Cannelle Gignoux | Associate Postgraduate

Critical Thinking in the Plural. Conceptual Approaches in Research in the Social Sciences
Centre Marc Bloch, Friedrichstraße 191, D-10117 Berlin
Email: cannelle.gignoux  ( at )  hotmail.fr Tel: +49(0) 30 / 20 93 70700

Home Institution : Uni Paris 8 | Disciplines : Philosophy |

Supervisor
Eric Alliez et Matthieu Renault

Antagonism, property, nature: a return to the interpretations of K. Marx's Manuscripts of 1857-1858 at the time of the ecological crisis

My research focuses on the interpretations of the 1857-1858 Manuscripts of K. MARX, often considered as the first preparatory draft for Capital. My objective is to bring together two traditions that have nothing to do with each other, apart from the fact that they are interested in the Grundrisse. It is the study of the chapter on forms prior to capitalist production on the one hand, and the Fragment on Machines on the other, that attracted my attention for the visionary statements they make. On the one hand, a questioning of the historicism usually reproached to K. Marx, on the other hand, a criticism of technology and science. The objective of my research is to articulate ecological interpretations proper to the analysis of metabolism in the Grundrisse to a thought of emancipation attached to operaism. 

The objective of my first two years of thesis was twofold. On the one hand, I wanted to deepen my knowledge of the eco-Marxist debate (Ted Benton, O'Connor, Jason Moore, J.B. Foster...) and on the other hand, I was interested in readings in political ecology and in the ontological turn in anthropology (Vivieros de Castro, Descola).

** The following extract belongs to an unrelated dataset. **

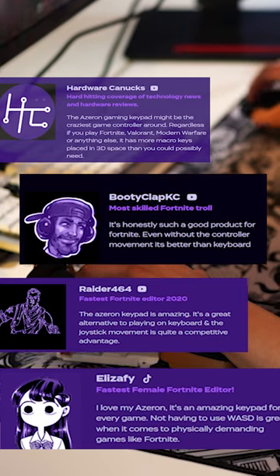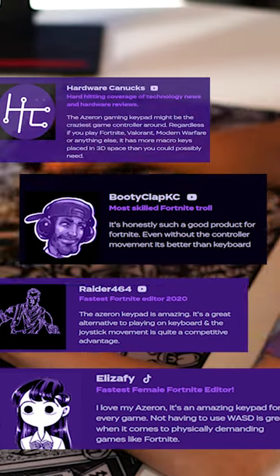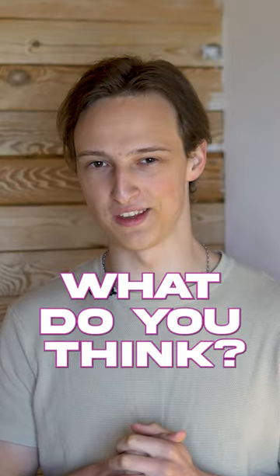The Azeron Cyborg is a comfortable gaming keypad that takes up less space on your desk and is adjustable to every game and every need you might have. What do you think?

Concerning the eco-marxist debate, I was interested in authors such as Ted Benton, James O'Connor, John Bellamy Foster and Paul Burkett in order to confront their analyses with the text of K. Marx himself. I noted pitfalls in the three currents of eco-Marxism that can be distinguished as follows: 1) A unitary approach to the ecological crisis and the crisis of capitalism (O'Connor and Jason Moore) 2) An ecological reading of Marx's historical materialism (Ted Benton) and 3) the "metabolic break" school (P. Burkett, J.B. Foster). In the former, I noticed a stumbling blocks in the way of posing the ecological crisis as a crisis of capitalism. From O'Connor's second contradiction to J. Moore's world ecology, the singularity of the ecological crisis was reduced to one factor among others of the tendency of the rate of profit to fall. In Ted Benton, on the contrary, I noticed a blindness concerning the possibility of reading the K. Marx (theory of value and exploitation) in an "ecological" way. The concept of "labor process" being considered as anthropocentric. For the third (Paul Burkett and J.B Foster) I noticed an overvaluation of the "ecological" reflections in K. Marx even defined Marx as a green prophet, in a historical period that had just seen the birth of the concept of ecology and that did not yet know the ecological crisis.